Intentando mantener la calma y buscando dentro suyo una esperanza se dirigió a buscarlo al living, pero estaba vacío… el living y su corazón.
Corrió a la habitación y abriendo el placard se terminó de convencer de que la había abandonado, ya no estaban sus trajes, lo único que quedaba eran los recuerdos.
-Qué más da –se dijo con una gran entereza- la vida continúa. Peor es la muerte.

 

————————

 

Buscando un consuelo y sin haber pensado en la manera de darles la noticia fue a despertar a sus hijos.
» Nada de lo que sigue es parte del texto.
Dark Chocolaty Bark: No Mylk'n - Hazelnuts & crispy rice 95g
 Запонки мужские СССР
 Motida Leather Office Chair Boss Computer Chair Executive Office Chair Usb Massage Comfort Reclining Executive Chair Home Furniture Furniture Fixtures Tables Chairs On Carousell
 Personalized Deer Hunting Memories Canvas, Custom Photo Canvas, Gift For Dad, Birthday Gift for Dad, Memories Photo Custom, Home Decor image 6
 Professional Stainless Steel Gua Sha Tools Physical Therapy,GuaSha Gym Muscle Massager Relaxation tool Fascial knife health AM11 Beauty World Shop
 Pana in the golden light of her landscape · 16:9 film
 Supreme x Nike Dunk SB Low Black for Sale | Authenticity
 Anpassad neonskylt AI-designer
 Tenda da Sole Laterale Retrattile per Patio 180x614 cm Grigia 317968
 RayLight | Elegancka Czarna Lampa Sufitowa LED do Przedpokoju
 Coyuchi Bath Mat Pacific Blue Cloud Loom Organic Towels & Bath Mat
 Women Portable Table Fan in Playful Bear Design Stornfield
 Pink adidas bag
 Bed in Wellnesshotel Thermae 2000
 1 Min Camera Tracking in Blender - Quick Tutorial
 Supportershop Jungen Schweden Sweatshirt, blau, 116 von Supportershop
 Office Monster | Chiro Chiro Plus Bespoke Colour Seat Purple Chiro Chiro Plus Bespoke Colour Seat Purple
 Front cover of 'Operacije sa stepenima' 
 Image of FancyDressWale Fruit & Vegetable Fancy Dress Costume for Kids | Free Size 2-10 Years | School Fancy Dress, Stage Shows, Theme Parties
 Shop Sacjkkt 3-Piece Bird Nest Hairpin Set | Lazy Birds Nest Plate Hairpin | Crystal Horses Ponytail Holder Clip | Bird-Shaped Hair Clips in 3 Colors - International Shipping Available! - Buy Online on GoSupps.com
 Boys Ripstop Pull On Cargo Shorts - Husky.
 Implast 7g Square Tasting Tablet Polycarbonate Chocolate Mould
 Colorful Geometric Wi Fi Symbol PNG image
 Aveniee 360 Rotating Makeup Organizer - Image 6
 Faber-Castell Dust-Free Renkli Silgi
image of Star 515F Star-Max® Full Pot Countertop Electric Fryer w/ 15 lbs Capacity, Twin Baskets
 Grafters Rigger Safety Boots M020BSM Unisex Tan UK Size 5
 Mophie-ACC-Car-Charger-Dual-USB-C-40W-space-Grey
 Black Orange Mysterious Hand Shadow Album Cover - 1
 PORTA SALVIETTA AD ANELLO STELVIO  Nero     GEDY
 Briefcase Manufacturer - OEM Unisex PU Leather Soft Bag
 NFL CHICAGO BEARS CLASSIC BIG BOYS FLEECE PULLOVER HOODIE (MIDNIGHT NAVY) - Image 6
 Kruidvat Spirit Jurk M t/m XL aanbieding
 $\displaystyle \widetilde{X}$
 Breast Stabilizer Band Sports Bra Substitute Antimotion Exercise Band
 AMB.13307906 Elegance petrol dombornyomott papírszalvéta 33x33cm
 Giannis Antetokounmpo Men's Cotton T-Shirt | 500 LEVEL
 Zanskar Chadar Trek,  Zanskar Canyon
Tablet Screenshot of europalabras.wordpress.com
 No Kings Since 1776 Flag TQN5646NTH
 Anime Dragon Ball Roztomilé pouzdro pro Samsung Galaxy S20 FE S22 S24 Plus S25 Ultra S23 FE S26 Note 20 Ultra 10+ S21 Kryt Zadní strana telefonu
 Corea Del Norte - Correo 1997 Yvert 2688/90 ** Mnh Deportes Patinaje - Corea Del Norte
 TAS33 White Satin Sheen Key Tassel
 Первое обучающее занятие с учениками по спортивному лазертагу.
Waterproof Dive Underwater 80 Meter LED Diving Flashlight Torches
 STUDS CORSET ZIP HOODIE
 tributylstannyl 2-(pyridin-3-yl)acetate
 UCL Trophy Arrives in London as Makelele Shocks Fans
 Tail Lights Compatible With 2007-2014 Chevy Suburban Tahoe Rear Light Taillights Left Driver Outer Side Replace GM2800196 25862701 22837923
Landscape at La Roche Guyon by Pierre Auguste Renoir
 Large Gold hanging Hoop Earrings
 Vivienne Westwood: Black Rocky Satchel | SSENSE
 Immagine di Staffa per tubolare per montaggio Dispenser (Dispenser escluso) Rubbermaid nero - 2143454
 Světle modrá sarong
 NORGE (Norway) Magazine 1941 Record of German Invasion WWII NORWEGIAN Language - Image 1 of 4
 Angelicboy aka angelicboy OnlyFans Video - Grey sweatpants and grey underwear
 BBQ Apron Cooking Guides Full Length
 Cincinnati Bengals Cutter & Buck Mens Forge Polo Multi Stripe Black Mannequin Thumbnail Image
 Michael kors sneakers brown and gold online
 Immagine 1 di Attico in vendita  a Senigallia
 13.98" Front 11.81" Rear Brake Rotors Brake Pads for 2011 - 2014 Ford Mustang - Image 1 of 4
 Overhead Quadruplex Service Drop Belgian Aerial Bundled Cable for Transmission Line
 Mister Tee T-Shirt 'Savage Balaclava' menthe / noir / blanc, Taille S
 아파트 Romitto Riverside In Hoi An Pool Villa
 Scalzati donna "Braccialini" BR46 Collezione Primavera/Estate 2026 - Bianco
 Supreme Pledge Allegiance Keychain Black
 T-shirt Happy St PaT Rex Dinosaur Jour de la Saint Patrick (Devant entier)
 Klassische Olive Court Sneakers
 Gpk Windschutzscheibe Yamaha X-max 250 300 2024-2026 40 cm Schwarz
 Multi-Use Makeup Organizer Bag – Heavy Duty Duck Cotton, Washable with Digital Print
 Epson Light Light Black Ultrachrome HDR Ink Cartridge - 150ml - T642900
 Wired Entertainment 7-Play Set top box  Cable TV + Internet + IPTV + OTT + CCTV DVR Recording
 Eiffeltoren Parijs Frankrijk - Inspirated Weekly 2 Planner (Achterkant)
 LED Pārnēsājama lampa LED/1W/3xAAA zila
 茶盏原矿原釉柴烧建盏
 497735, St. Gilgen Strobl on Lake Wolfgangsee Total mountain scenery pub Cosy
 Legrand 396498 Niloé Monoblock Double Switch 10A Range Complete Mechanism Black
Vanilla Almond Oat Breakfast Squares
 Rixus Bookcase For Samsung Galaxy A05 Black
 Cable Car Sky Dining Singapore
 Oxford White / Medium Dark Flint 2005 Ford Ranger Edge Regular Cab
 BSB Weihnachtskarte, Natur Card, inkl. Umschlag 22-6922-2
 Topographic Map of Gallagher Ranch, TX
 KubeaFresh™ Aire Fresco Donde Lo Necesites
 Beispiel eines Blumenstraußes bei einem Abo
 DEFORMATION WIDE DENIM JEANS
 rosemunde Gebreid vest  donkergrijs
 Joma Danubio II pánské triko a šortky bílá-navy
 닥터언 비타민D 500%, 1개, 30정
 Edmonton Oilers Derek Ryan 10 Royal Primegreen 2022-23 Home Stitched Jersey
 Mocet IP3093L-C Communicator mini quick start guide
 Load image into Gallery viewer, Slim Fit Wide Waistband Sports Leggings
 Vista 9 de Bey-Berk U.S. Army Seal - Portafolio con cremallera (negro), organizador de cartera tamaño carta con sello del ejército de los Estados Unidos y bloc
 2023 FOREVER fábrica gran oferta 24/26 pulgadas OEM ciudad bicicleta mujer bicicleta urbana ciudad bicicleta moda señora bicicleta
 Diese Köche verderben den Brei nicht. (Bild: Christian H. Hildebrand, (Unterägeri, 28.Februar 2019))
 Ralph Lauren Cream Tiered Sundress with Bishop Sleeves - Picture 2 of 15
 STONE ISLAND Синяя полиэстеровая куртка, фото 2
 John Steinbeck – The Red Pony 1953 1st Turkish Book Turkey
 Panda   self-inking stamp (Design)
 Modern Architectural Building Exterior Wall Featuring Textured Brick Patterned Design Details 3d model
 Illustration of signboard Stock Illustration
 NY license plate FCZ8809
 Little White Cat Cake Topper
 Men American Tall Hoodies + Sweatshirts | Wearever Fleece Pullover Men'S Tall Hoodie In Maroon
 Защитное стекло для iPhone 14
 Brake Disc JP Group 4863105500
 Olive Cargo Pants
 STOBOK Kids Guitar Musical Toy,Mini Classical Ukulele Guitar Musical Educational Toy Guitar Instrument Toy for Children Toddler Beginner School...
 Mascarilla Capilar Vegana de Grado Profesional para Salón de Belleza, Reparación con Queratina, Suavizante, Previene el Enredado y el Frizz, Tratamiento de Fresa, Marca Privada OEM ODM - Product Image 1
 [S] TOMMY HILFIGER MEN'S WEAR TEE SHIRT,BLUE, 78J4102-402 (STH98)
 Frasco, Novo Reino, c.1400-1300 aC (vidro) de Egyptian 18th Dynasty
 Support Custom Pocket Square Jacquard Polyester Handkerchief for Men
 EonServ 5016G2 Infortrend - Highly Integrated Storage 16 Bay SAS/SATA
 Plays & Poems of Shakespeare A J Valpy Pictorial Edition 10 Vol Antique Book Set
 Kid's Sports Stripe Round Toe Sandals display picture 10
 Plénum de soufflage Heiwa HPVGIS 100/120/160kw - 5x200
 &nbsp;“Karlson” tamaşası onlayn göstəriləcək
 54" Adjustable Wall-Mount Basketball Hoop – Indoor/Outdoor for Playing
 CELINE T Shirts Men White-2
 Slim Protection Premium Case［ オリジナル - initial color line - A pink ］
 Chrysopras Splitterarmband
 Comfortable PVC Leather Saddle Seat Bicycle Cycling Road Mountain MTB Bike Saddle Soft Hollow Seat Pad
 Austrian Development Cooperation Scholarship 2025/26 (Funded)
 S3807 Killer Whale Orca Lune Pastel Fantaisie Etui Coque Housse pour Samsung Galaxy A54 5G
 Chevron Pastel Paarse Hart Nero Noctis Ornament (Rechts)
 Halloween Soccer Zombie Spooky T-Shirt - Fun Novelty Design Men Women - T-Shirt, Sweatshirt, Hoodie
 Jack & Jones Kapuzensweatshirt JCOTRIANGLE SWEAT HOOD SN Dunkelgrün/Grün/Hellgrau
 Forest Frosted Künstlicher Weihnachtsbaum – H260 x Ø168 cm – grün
-¡Manu, Cami! ¡Despierten hijos! Es tarde y hoy hay escuela, Manu, Cami,… ¡Manuel!, ¡Camila!, ¡¿Dónde están?! ¡¿Y sus cosas?! Esto no puede estar sucediendo, Ricardo, ¿qué me hiciste Ricardo? ¡¡Ricardo!!
En una suerte de acto reflejo tomó el teléfono y llamó a su suegra
-Nelly?
-Hola nena! es temprano, ¡No me digas que algo le pasó a Richard o a los nenes!
-No se haga la desentendida y páseme con Ricardo por favor
-¿Pero qué pasó?
-Páseme con su hijo Nelly –alcanzó a decir ahogada en llanto– ¡y páseme ahora!
-Acá no está, querida
-No lo niegue por favor, ¡usted es madre santos cielos!, ¡entienda que estoy desesperada!
-Irma no me asustes, ¿qué fue lo que pasó?
Al verse sumida en una conversación sin sentido alguno colgó el teléfono absolutamente desorientada, enloquecida… y sin sus hijos.
Inmediatamente llamó a la policía buscando ayuda, pero no la obtuvo; una voz le comunicó que debía presentarse personalmente y luego de veinticuatro horas
-¿acaso están locos? – dijo – ¿no se dan cuenta que tan solo a la mitad de la espera mis hijos podrían estar en Europa? Son muy pequeños, Camila tiene siete años y Manuel solo cuatro, no deben comprender lo que sucede.
Sin poder contener su llanto y despojándose de su fortaleza le dio paso a la debilidad y tomando tranquilizantes se tiró a llorar en la cama resignándose a esperar. Recordando el primer pensamiento que había tenido en la mañana se corrigió:
-Peor no es la muerte, peor es la muerte en vida- luego durmió.

 

————————

 

Despertó a las ocho de la mañana; con lágrimas en los ojos aún por lo sucedido el día anterior. Vio una nota sobre la mesa de noche, era de Ricardo y decía:


“Vida: No estés triste. Sé que lo que pasó ayer con tu padre ha sido difícili pero

todo saldrá bien porque estaré a tu lado acompañándote siempre.”
Levantó la mirada y allí se encontraba él, entrando a la habitación.


Sonriéndole y en lenguaje de señas le respondió:


“Amor, sé que todo saldrá bien porque papá me protegerá desde el cielo. Y no

estoy triste, he soñado algo hermoso. Soñé que podía hablar.”